Wagner: If you do any sort of variable rate prescriptions at all, you need to understand your mineralization potential based on where it is in the field. So if you’ve got a high mineralization potential area, it’s going to release a great deal more nutrients than a low area one. And so you have to factor that in when you’re making your prescriptions and subscribing your rates.

Fertility is a lot more than just managing nitrogen. What is more difficult to understand is the other nutrients, since there are no optional nutrients – they’re all important. What we strive to do is put them back into balance, which may mean lowering the nitrogen pool and increasing perhaps your micronutrient pool or your potassium pool or whatever the case may be, whatever the results are from your testing. And so that’s why it is important to understand mineralization rates and the balance within the soil so that you’re fertilizing it properly.

The idea behind capturing the rainfall and the mineralization is to understand that after I’ve got a rainfall, I know basically within two weeks I’m going to get those nutrients. But, at what stage are these being released? And that I can factor in if I need to stop stress, or do I have to add a foliar? Am I out of balance? All of those sorts of things are important to understand.

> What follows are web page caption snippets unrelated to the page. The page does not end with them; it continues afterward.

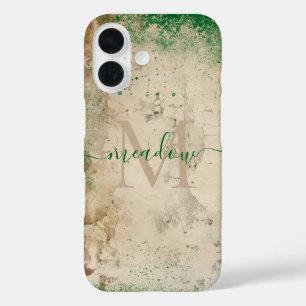 Coque Pour iPhone 16 Monogramme personnalisé
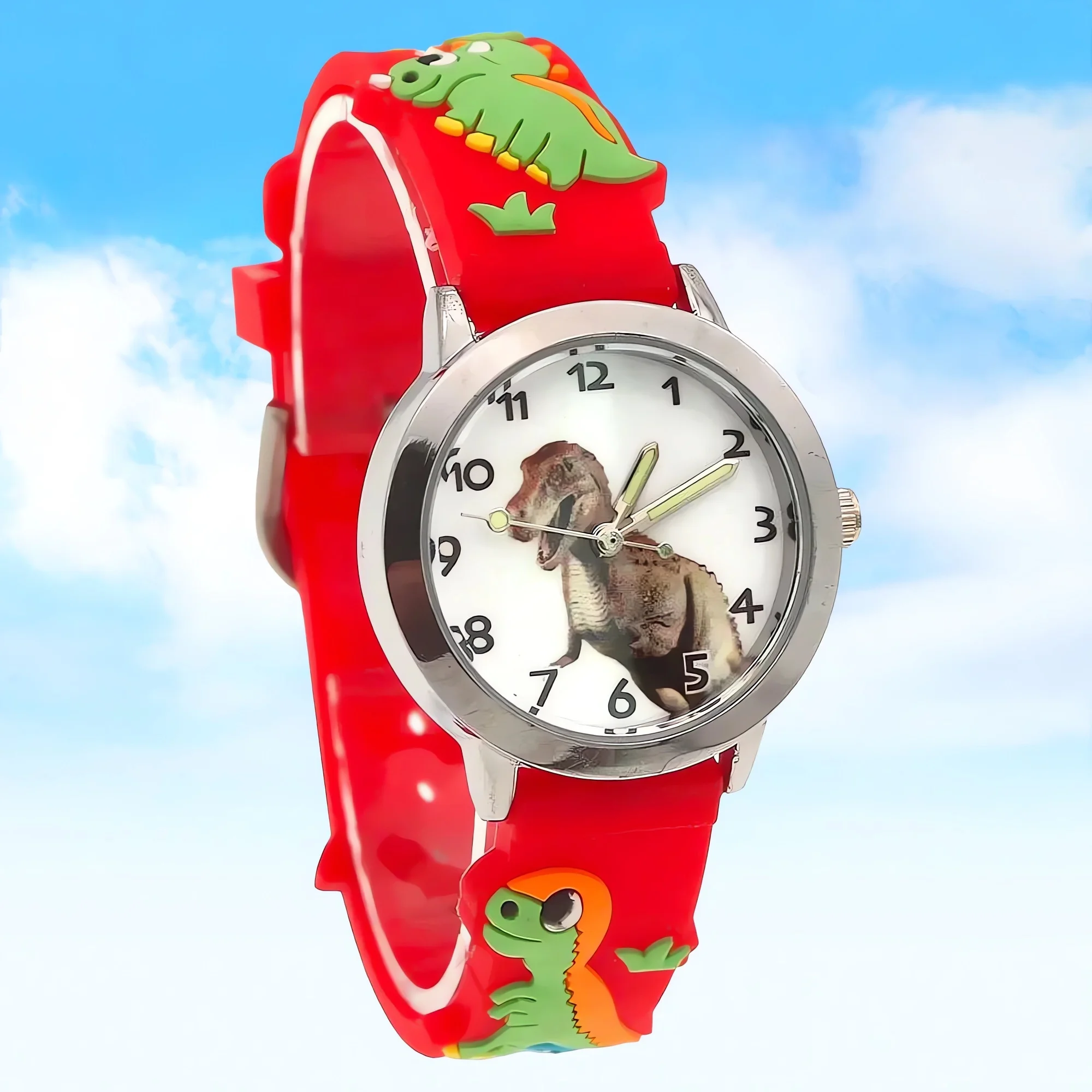 

Chaoyada Quartz Watch for Boys And Girls with Silicone Strap Student Timepiece Children's Gift Watch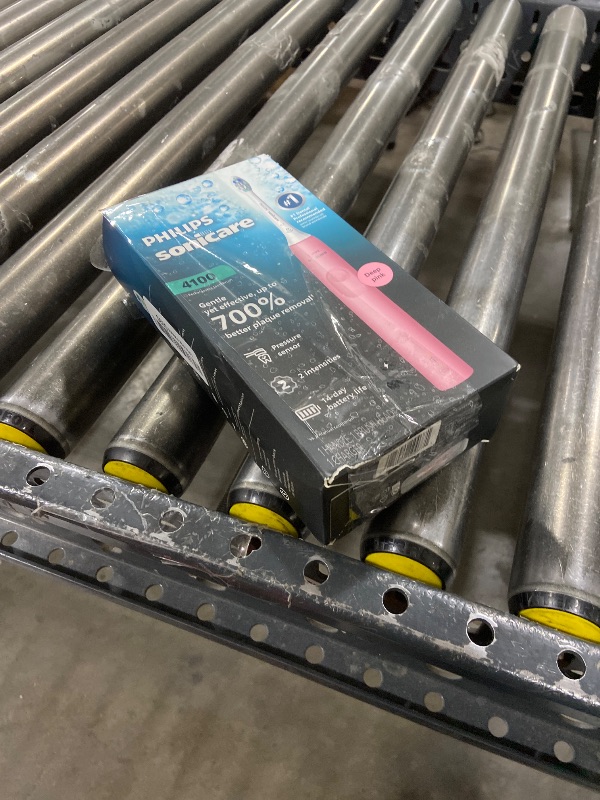 Photo 1 of Philips Sonicare 4100 Series Electric Toothbrush - Sonic Toothbrush with Advanced Sonic Technology, Pressure Sensor, Two Intensity Settings, Smartimer & Quadpacer, Deep Pink, Model HX3681/26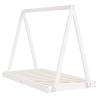 Kids Bed Frame White 80x160 cm Solid Wood Pine | Hipomarket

Arable: Switching gears, what’s your dream as far as a digital footprint that you would want to set up across your territory, and what’s your goal that you would be getting out of that footprint?

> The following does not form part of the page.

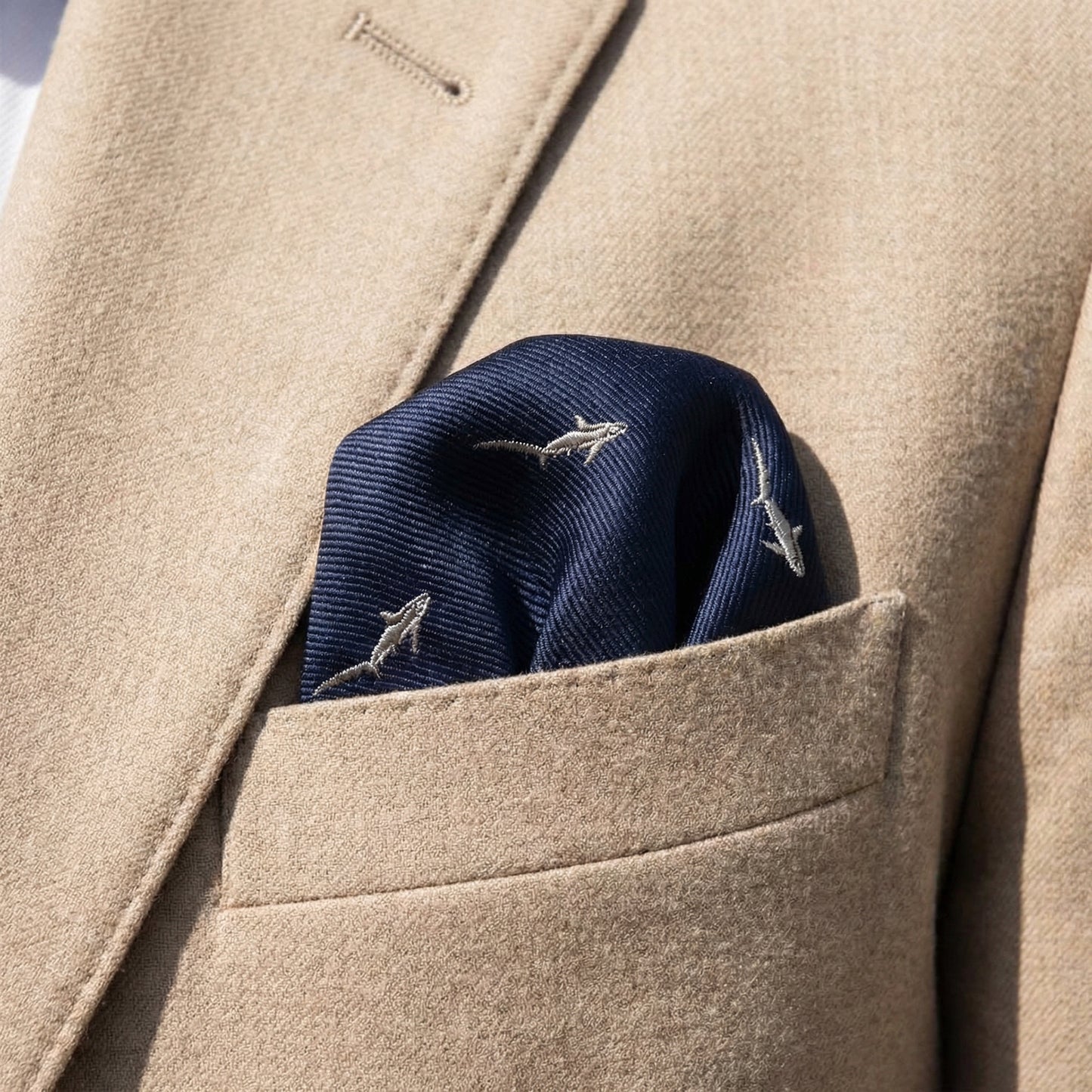Shark Pocket Square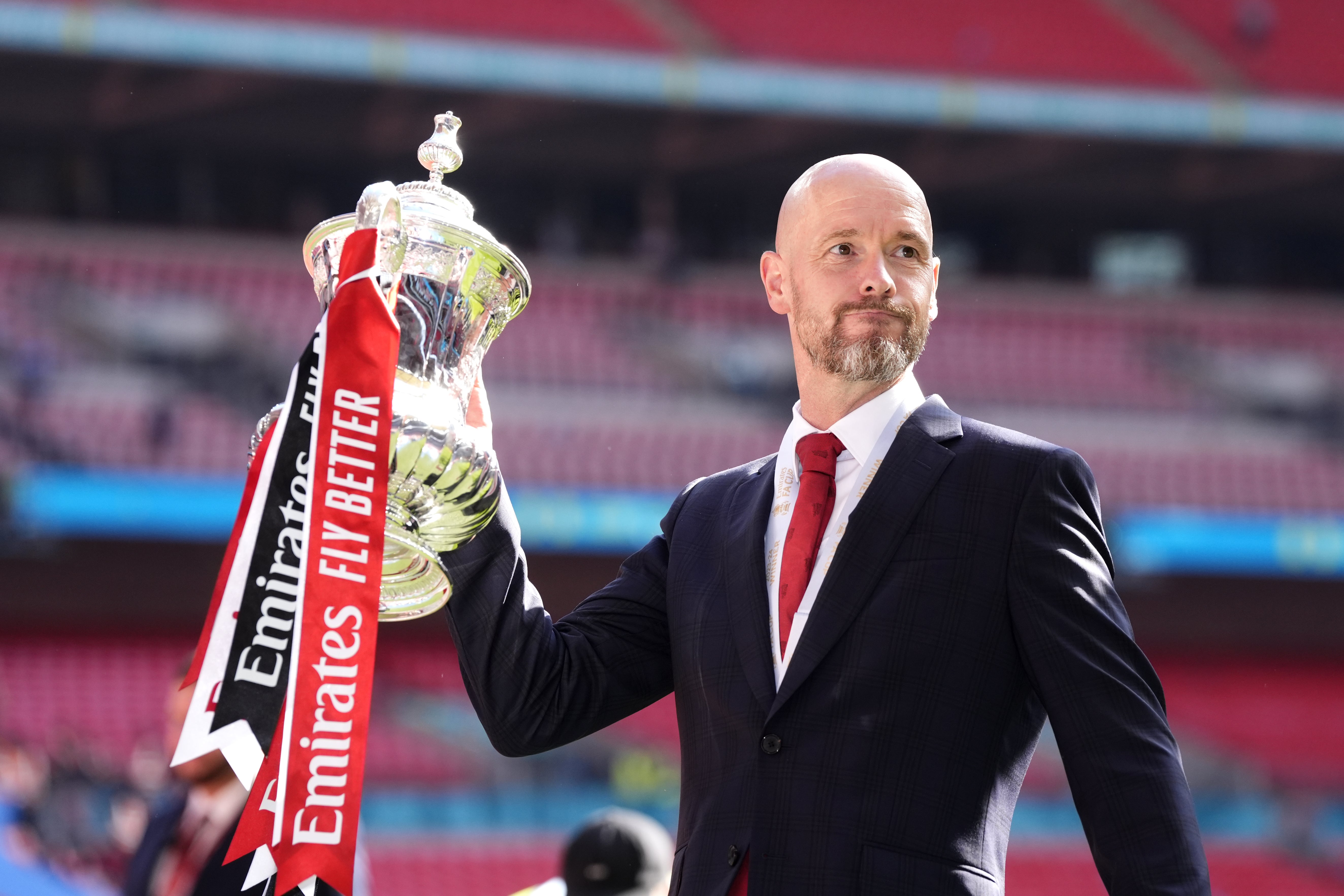 Erik ten Hag guided United to FA Cup success last season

Wagner: Our service program prides itself on being able to collect information. By gathering this information and using more field-specific data, I can really fine tune the production from those fields. Ideally, I want to have as dense of an Arable installation as possible so that I am getting very specific recommendations. Right now, we are doing it per region and would like to get to the field level and then, down to a zone level.

 

In the future, Wagner wants to have as dense of an Arable installation as possible to gain zone-level insights and information.

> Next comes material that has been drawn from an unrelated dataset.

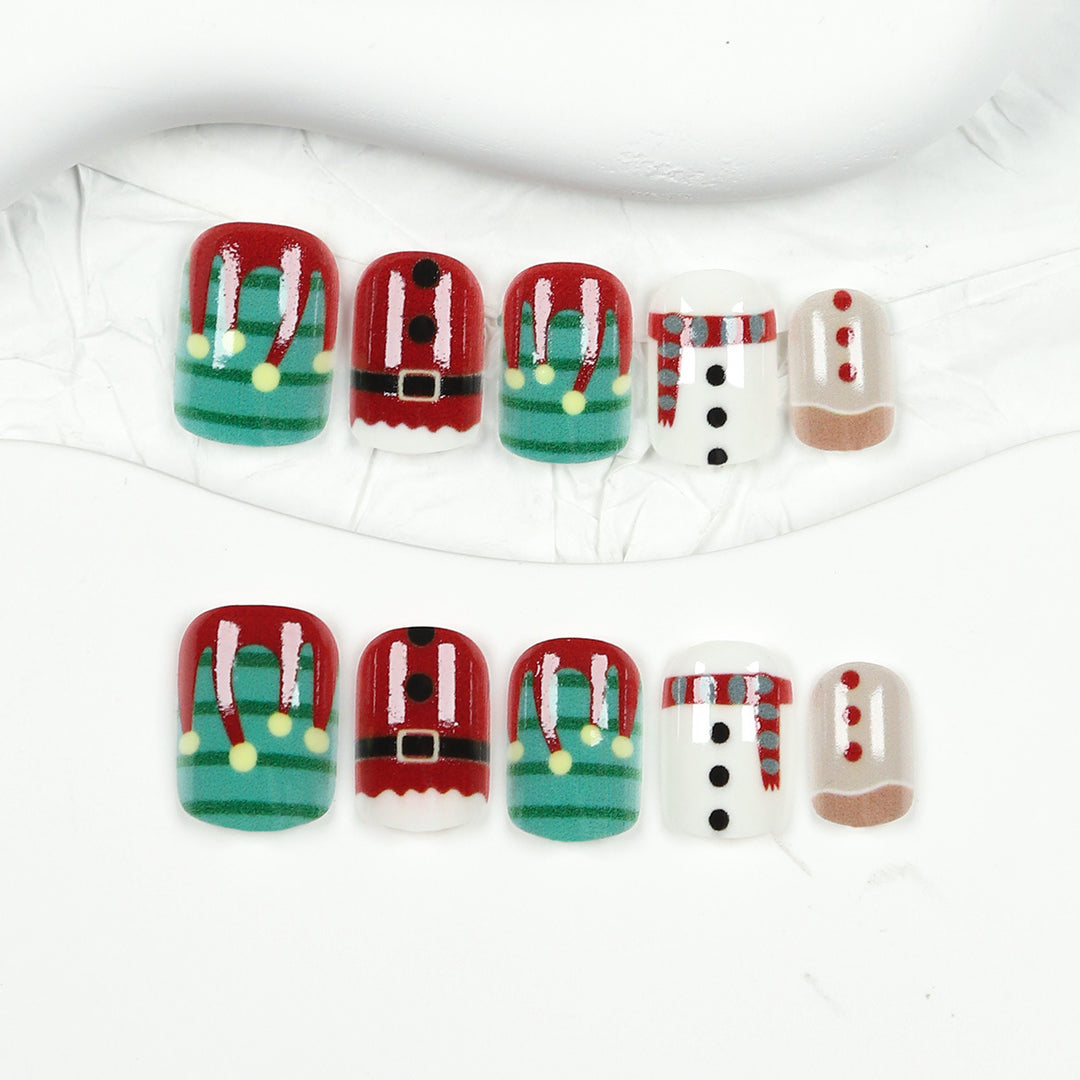 Festive Holiday Nail Art Set Kalsten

Arable: How has your ability to collect data changed the way you think about your future?

Wagner: CropWatch was initially born because the fertilizer market was deregulated in Canada. Growers needed help, and we found better data measures extremely key to understanding how products are intended to be used, how much, and if they’re practical. What occurs from collecting more data is the opportunity to work a lot closer with our customers and work towards outcomes that they want.

We test to determine credibility, which allows us to better recommend products from a position of knowledge and be that trusted advisor to our agronomy customers.

Arable: Thanks for joining us, Neil!